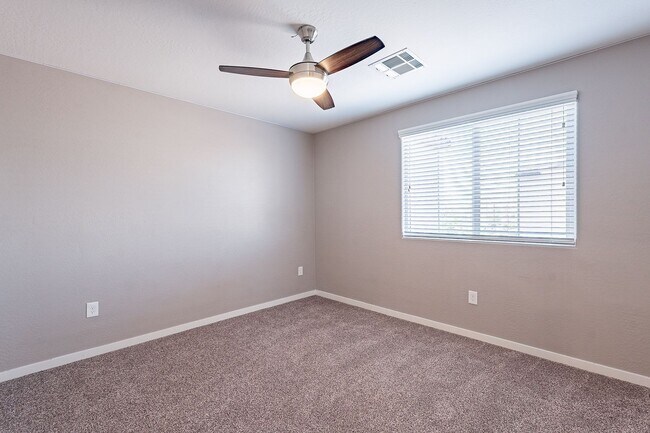 Building Photo - Great 3 Bedroom Townhome - NEW Carpet!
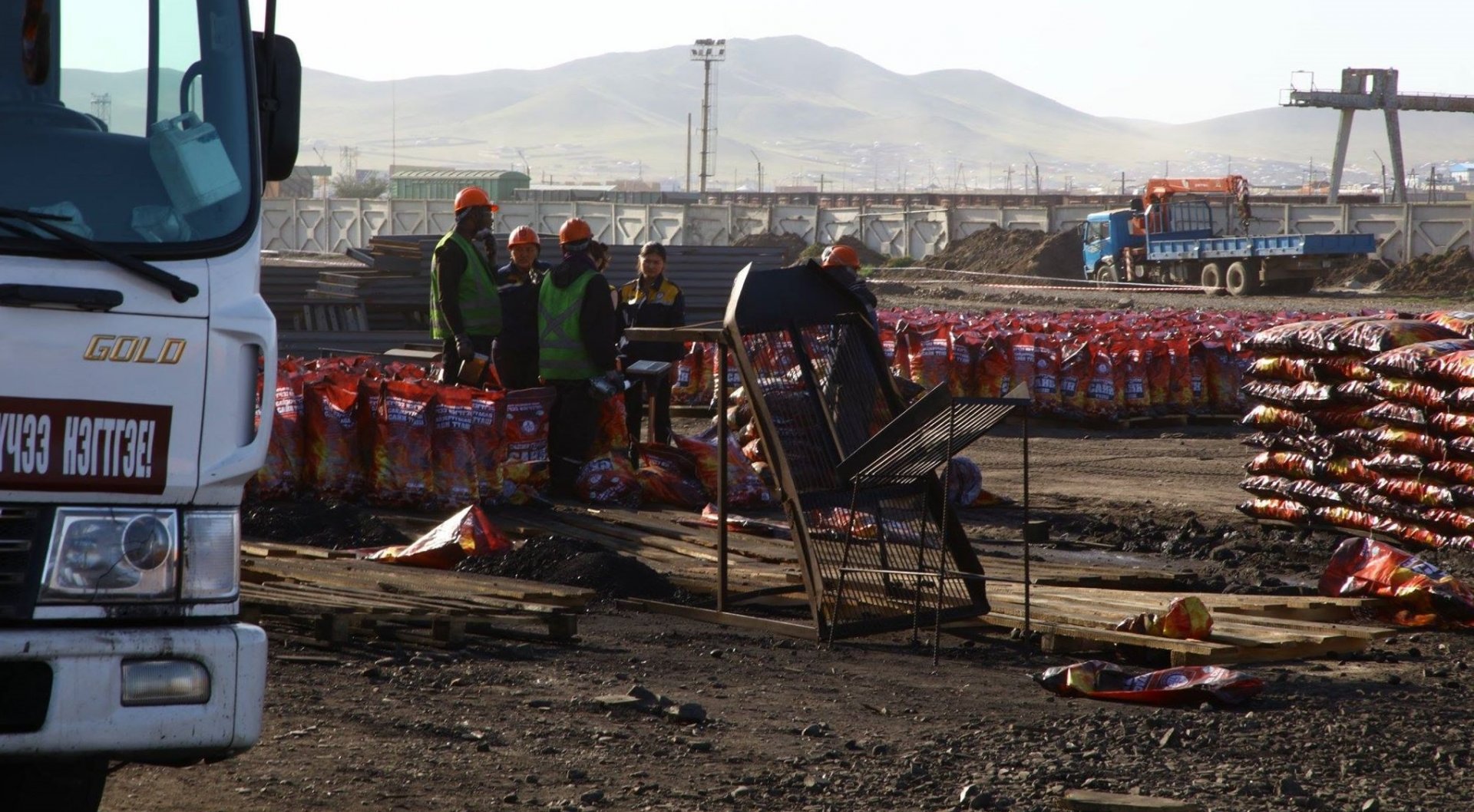 Хэрэглэгчид сайжруулсан шахмал түлшийг худалдан авахдаа “Сайн” нэртэй смарт карт ашиглана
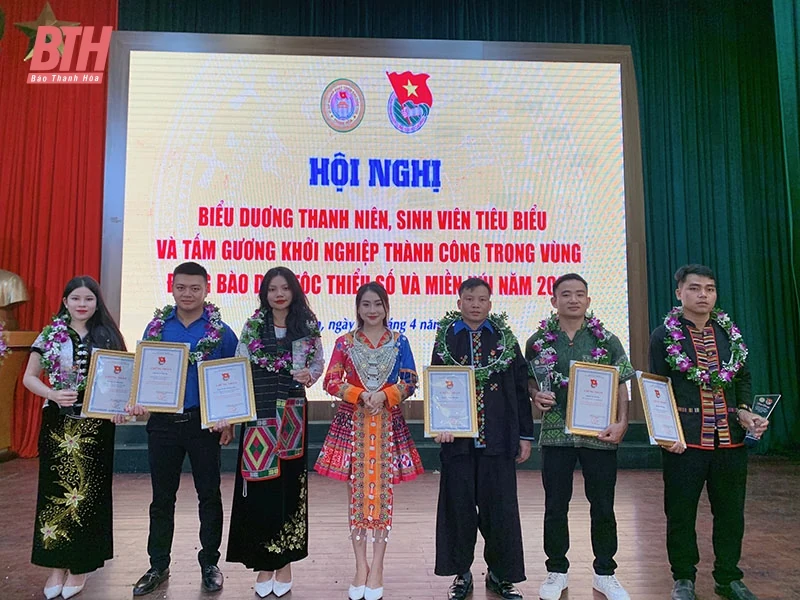Những ngôi sao dưới “vùng trời thủng”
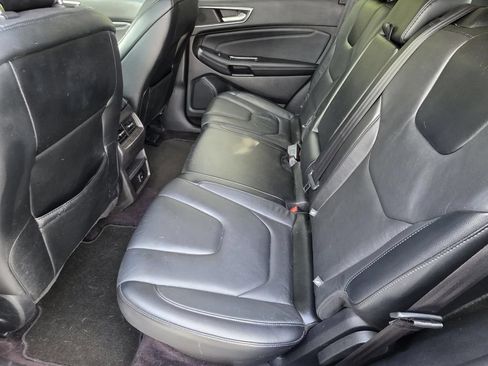 Used 2016 Ford Edge Titanium FWD image 9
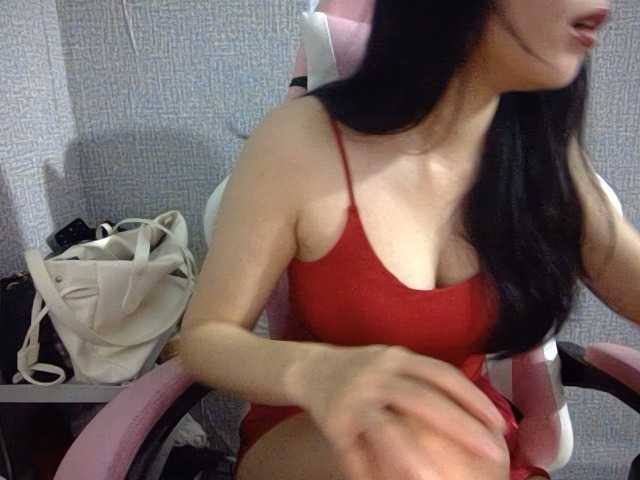 Lynny-1 live cam on BongaCams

The task
Keep every word of the data as it is when you write it out, but drop the pictures.

Your solution
 Building Photo - Great 3 Bedroom Townhome - NEW Carpet!
 Хэрэглэгчид сайжруулсан шахмал түлшийг худалдан авахдаа “Сайн” нэртэй смарт карт ашиглана
Những ngôi sao dưới “vùng trời thủng”
 Used 2016 Ford Edge Titanium FWD image 9
 Lynny-1 live cam on BongaCams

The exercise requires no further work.